梅原猛氏は、東京新聞にコラムを持っている。5月27日の夕刊には「平和憲法について」という文章を書いているのだが、これがなかなか困った内容なのだ。氏は「九条の会」の呼びかけ人になっているほどの護憲派であり、それはいいのだが、そうした思想のベースとなっているはずの歴史認識が甘すぎる。

突っ込みどころはたくさんあるが、ここでは主なポイントだけ見ていく。

 

 改憲論議が盛んであるが、私は、必ずしも政治的意見が一致しない加藤周一氏や井上ひさし氏らとともに「九条の会」の呼びかけ人に名を連ねたほどの頑固な護憲論者である。戦後、日本は憲法九条の下で大きな躍進を遂げ、アメリカに次ぐ世界第二位の経済大国になった。その輝かしい時代の政治を司ってきたのは主として自民党であり、私はほぼ自民党を支持し続けてきたが、その自民党憲法九条を変えるとは、長年の友人に裏切られたような気持ちである。

改憲自民党結党以来の党是である。その自民党を長年支持し続けておいて、今になって「その自民党憲法九条を変えるとは、長年の友人に裏切られたような気持ち」とはどういうことか?いったい氏は自民党のどこを見ていたのか。

 

 憲法九条は日本の伝統に沿ったものであると私は思う。日本の歴史を見ると、平安時代に約三百五十年、江戸時代に約二百五十年の戦争も内乱もない平和な時代があった。日本が大陸から離れた島国であるせいでもあるが、そのような国家が他にあろうか。
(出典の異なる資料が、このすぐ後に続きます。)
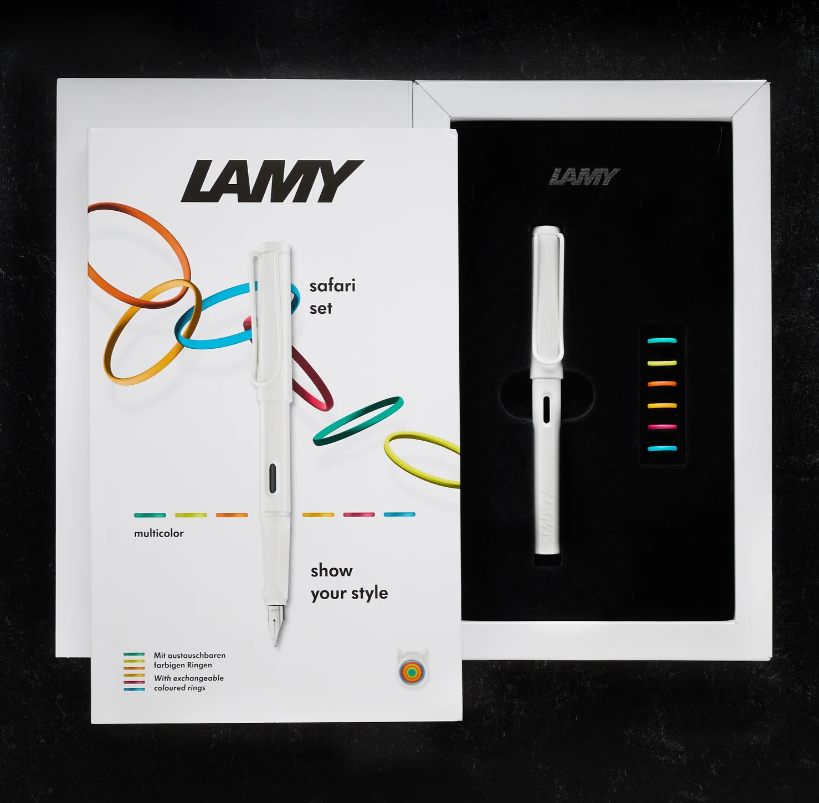 Lamy Safari Fountain Pen Multi Ring Set - All White (Special Edition)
戦後約七十年間平和が保たれているが、平和の時代はまだ百年も二百年も続いてほしいと思う。

平安時代については、平安京遷都(794年)から保元の乱(1156年)あたりまでを指して約三百五十年と言っているのだろう。しかしこの間にも、アテルイの処刑(802年)に終わった「蝦夷征伐」、平将門藤原純友の乱(939年〜941年)、前九年の役(1051年〜1062年)、後三年の役(1083年〜1087年)などがあった。これらは「戦争・内乱」ではないのか。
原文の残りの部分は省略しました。